At other times the transportation director will state that it is the county’s responsibility to maintain roads and then he begs-off in getting the work done by saying, “if funds are available we will do the work.”

Gerstle stated in his commentary that letter-writers made several misstatements so I think it is appropriate for me to point out his misstatements and engineering errors.

1) To begin Gerstle refers to the Local Improvement District as a repaving plan when in fact it is a destroy-and-rebuild plan. The LID plan calls for ripping out the majority of the streets and rebuilding them at a cost of $48 million. This is 67 percent of the $ 72 million LID total cost.
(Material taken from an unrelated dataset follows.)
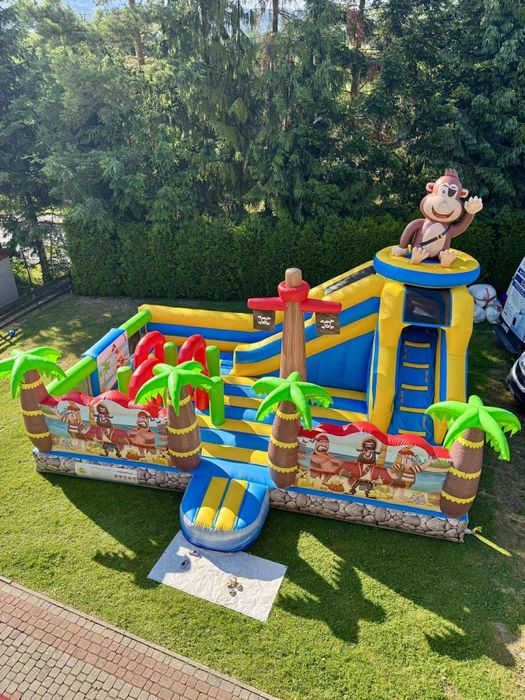 Dmuchaniec dmuchany plac zabaw pirat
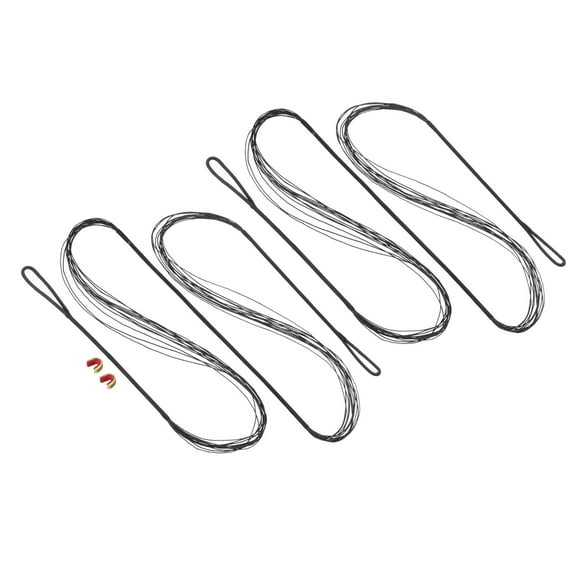 Uxcell Bow String Replacement,12 Strands Recurve Bowstring with Nock Point for AMO 48", Black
2) Gerstle’s statement that they have done the best they can with the money they have implies that they have taken action to maintain the quality of our streets when in fact they have resurfaced none (0 miles) since 2010 and before.
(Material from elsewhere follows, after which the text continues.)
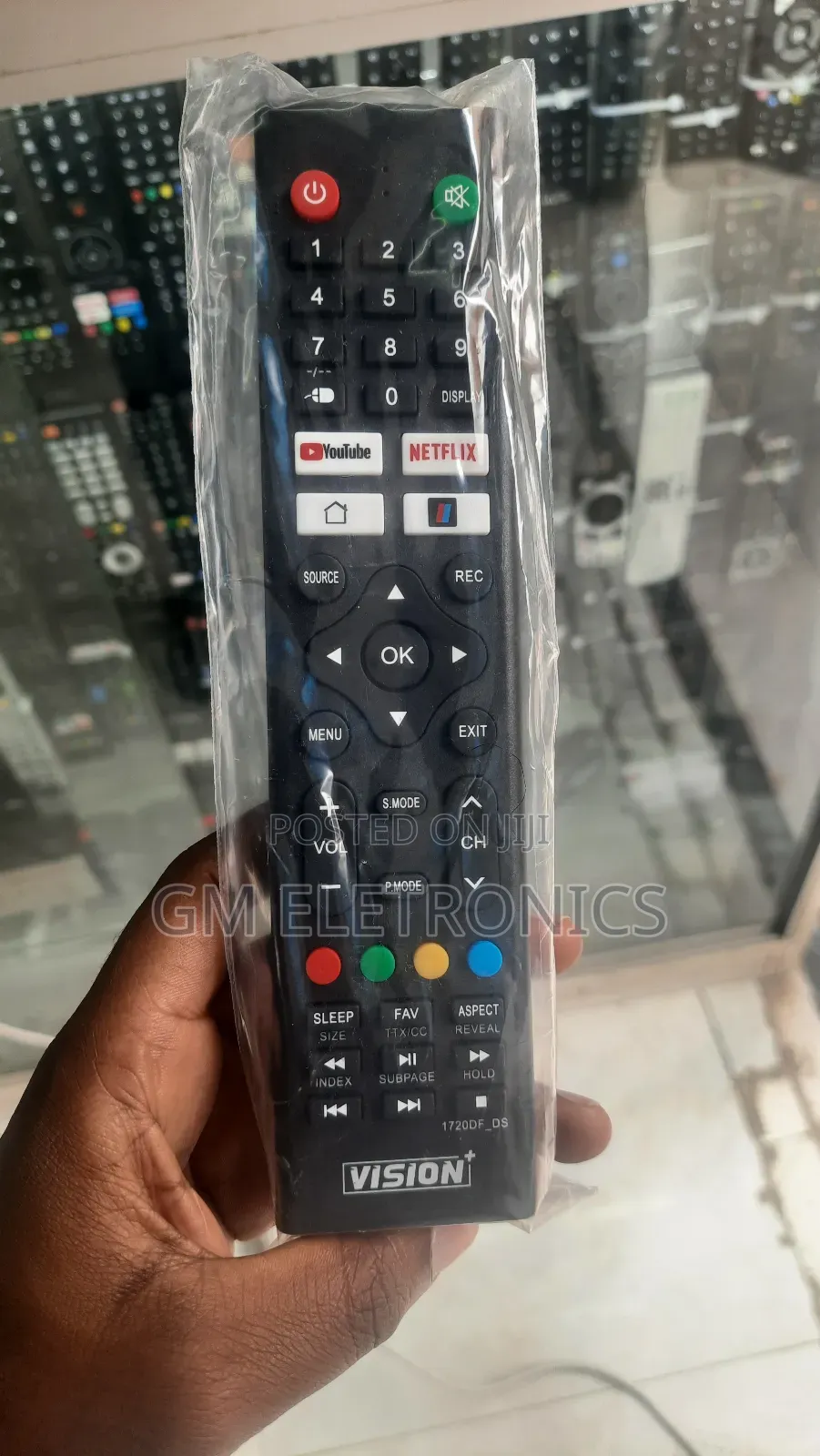Vision+ Smart Tv Remote - Youtube,Nexflix Showmax Button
3) If, over the past 5 years, the county had budgeted $300,000/year they could have saved 50 miles of streets — one-third (33 percent) of our streets from needing costly resurfacing or reconstruction. It is a well-known engineering fact that early treatment prevents costly future repairs.

4) The statement that the county does not have money from the general budget to maintain subdivision streets belies the fact that they have now committed to spending $1 million/year for the next 15 years as the county’s share of the LID cost.

5) Gerstle failed to make known that for $1million/year the county can chip & seal 15-miles of streets and overlay four miles each year. At this rate most streets can be resurfaced in 5-8 years without a LID and the streets will be in “good” condition.

I suggest that we support the legal action that is under way to stop the costly LID that has been imposed on us.